Material supplied:
──────────────────────────────

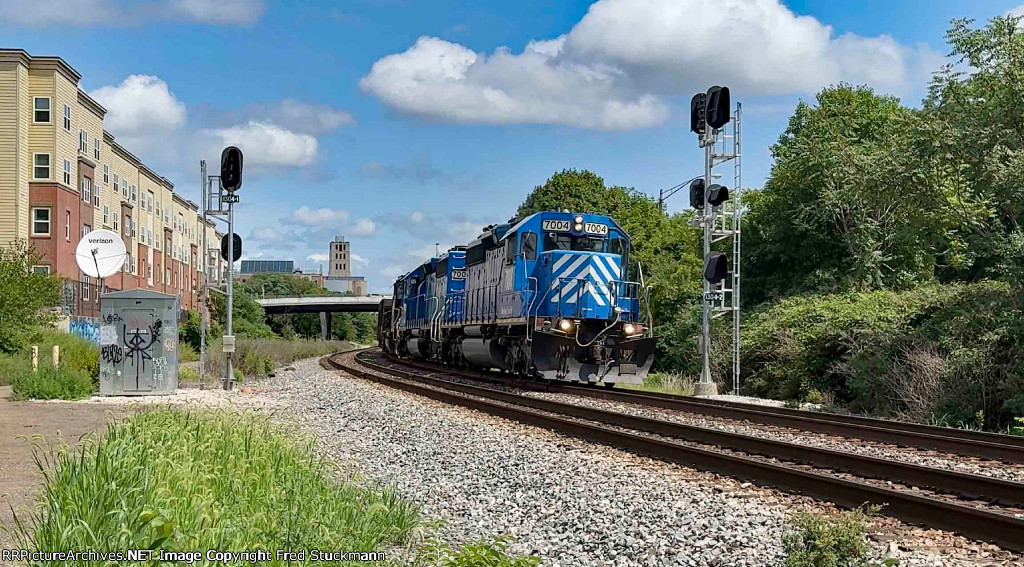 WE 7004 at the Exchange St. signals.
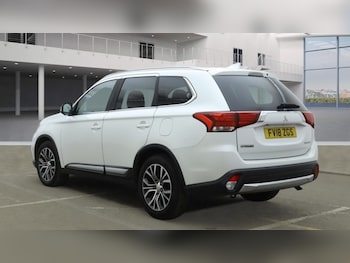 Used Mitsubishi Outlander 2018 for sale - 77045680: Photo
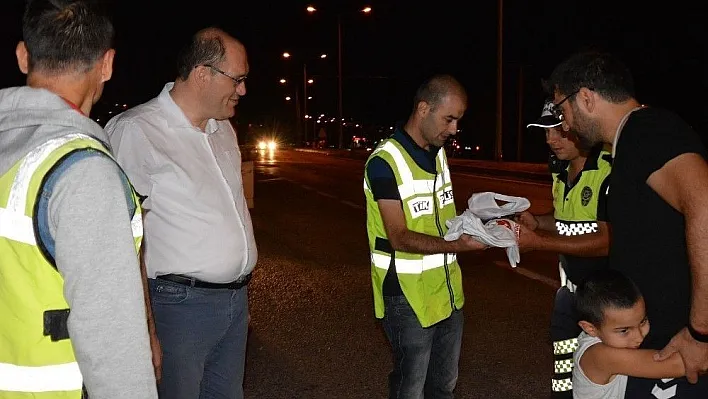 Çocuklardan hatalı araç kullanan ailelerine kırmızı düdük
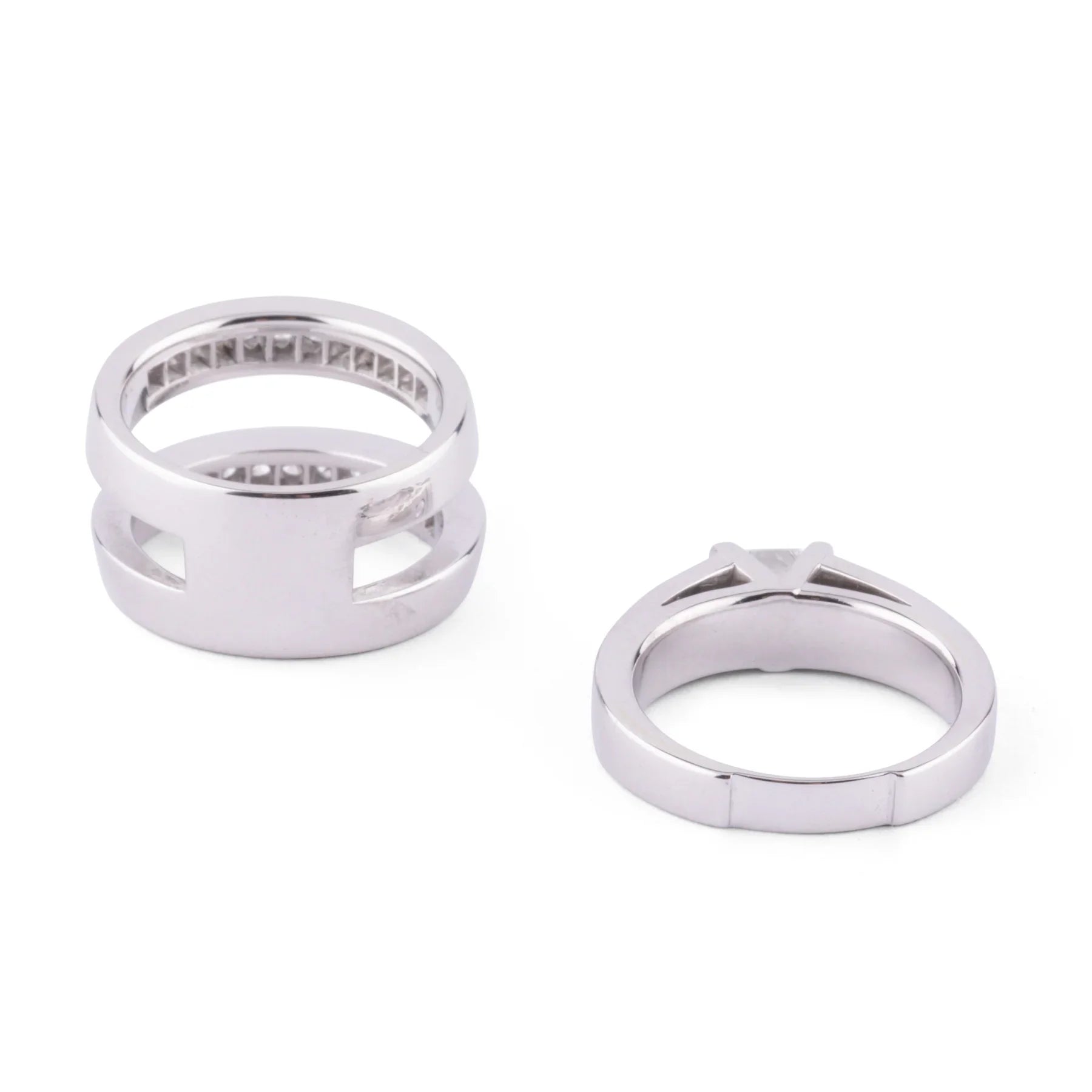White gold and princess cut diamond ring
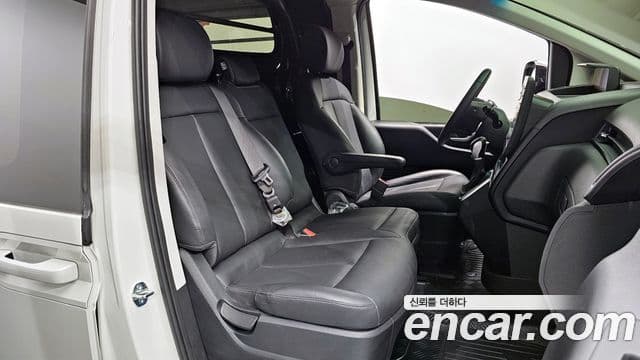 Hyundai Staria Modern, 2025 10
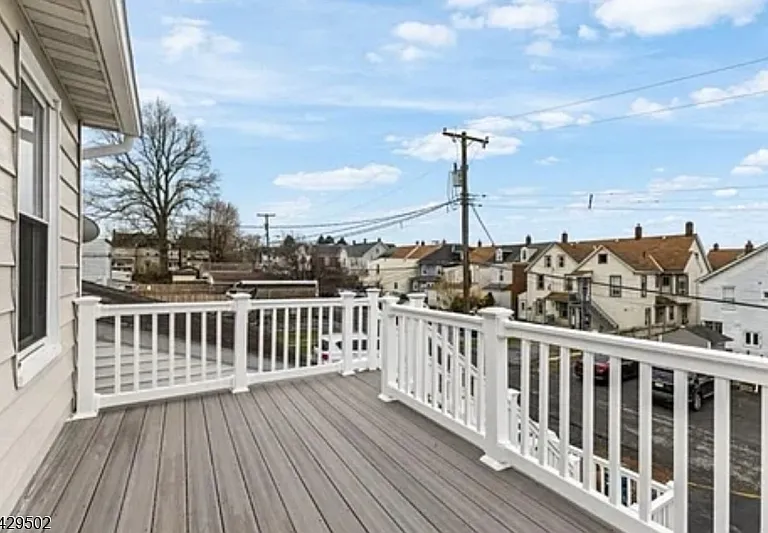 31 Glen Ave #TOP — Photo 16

──────────────────────────────

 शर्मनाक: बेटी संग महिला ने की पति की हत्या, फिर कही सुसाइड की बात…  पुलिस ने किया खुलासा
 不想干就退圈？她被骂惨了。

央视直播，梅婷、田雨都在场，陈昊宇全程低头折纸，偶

──────────────────────────────

Required action: All pictures are to be skipped. Output, word for word, the lines in the data above starting at the line containing "Çocuklardan hatalı araç" and ending at the line containing "31 Glen Ave #TOP — Photo 16".

Written reply:
 Çocuklardan hatalı araç kullanan ailelerine kırmızı düdük
White gold and princess cut diamond ring
 Hyundai Staria Modern, 2025 10
 31 Glen Ave #TOP — Photo 16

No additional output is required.